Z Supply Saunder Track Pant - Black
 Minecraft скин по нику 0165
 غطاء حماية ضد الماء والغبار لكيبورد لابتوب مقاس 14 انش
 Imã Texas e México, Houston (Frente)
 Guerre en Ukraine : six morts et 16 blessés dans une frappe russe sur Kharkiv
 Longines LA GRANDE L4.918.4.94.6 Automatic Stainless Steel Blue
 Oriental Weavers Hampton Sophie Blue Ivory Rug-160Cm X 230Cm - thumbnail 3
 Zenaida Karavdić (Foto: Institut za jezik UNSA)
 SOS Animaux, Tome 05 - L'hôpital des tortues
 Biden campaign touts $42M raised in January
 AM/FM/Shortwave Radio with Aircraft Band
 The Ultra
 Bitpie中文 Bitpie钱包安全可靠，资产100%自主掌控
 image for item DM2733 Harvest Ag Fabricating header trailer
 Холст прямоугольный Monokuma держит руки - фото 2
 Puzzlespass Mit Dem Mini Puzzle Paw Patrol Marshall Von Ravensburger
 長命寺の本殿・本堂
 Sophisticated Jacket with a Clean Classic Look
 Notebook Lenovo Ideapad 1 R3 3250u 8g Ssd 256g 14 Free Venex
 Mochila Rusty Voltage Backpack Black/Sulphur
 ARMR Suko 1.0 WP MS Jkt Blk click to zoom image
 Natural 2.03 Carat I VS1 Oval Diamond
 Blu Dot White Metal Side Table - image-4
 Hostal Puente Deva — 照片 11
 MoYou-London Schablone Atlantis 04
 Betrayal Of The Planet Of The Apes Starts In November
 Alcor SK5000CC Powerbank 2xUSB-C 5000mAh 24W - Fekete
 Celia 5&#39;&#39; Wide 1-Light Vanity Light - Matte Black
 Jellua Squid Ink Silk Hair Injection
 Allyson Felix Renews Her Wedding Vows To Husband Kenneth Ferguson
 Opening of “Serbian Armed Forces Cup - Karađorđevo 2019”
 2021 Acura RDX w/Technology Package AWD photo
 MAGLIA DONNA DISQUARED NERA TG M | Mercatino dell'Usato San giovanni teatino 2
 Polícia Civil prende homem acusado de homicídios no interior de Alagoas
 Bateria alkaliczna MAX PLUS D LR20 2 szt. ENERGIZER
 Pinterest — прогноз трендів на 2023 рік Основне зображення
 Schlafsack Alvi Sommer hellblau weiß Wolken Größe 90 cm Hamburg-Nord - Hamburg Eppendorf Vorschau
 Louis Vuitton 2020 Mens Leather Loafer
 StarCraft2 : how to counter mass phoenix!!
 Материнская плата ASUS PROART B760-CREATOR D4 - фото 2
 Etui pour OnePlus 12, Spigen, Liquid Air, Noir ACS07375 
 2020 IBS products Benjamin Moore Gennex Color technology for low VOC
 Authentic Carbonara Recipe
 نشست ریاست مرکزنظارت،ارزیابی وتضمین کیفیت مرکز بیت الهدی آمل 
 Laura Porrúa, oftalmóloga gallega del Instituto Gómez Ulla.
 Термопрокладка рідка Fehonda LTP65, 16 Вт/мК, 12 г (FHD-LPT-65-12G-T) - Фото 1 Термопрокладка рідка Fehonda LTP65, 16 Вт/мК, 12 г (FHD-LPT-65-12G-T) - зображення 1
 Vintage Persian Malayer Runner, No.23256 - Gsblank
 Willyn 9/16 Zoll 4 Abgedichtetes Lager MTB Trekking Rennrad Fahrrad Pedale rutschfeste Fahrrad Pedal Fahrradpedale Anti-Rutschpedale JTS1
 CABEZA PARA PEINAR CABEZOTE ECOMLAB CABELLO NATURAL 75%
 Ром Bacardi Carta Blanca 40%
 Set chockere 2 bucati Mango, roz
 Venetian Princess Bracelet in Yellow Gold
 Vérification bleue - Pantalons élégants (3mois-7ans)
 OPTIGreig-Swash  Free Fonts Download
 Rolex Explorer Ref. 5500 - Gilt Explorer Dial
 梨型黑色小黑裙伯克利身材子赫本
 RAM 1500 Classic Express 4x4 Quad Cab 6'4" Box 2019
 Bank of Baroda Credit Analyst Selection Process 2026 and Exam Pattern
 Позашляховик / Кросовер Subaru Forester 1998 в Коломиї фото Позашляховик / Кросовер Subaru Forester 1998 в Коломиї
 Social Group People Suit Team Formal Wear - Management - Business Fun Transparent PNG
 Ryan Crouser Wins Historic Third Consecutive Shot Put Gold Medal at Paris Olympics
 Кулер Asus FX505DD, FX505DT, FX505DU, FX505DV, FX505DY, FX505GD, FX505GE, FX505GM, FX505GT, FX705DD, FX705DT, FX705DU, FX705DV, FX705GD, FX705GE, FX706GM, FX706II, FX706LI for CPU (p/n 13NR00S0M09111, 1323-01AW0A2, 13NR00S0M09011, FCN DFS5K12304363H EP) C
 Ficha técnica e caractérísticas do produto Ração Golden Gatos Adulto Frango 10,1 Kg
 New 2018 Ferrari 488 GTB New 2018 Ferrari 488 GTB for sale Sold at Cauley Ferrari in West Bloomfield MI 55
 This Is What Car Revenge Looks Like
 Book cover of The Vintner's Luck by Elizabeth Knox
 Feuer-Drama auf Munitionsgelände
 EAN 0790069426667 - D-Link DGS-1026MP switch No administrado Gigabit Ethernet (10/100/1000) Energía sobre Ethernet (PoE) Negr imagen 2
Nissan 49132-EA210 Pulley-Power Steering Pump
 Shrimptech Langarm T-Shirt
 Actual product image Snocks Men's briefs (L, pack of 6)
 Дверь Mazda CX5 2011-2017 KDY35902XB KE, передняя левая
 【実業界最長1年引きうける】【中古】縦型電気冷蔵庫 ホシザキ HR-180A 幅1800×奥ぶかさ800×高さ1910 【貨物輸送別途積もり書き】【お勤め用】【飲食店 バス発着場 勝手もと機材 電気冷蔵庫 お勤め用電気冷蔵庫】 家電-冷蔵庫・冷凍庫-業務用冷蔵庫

> WHAT YOU WILL DO
Reproduce, exactly as they stand in the data above, the lines from the one that holds "Schlafsack Alvi Sommer" to the one that holds "2020 IBS products", inclusive.

> SOLUTION TO THE PROBLEM
 Schlafsack Alvi Sommer hellblau weiß Wolken Größe 90 cm Hamburg-Nord - Hamburg Eppendorf Vorschau
 Louis Vuitton 2020 Mens Leather Loafer
 StarCraft2 : how to counter mass phoenix!!
 Материнская плата ASUS PROART B760-CREATOR D4 - фото 2
 Etui pour OnePlus 12, Spigen, Liquid Air, Noir ACS07375 
 2020 IBS products Benjamin Moore Gennex Color technology for low VOC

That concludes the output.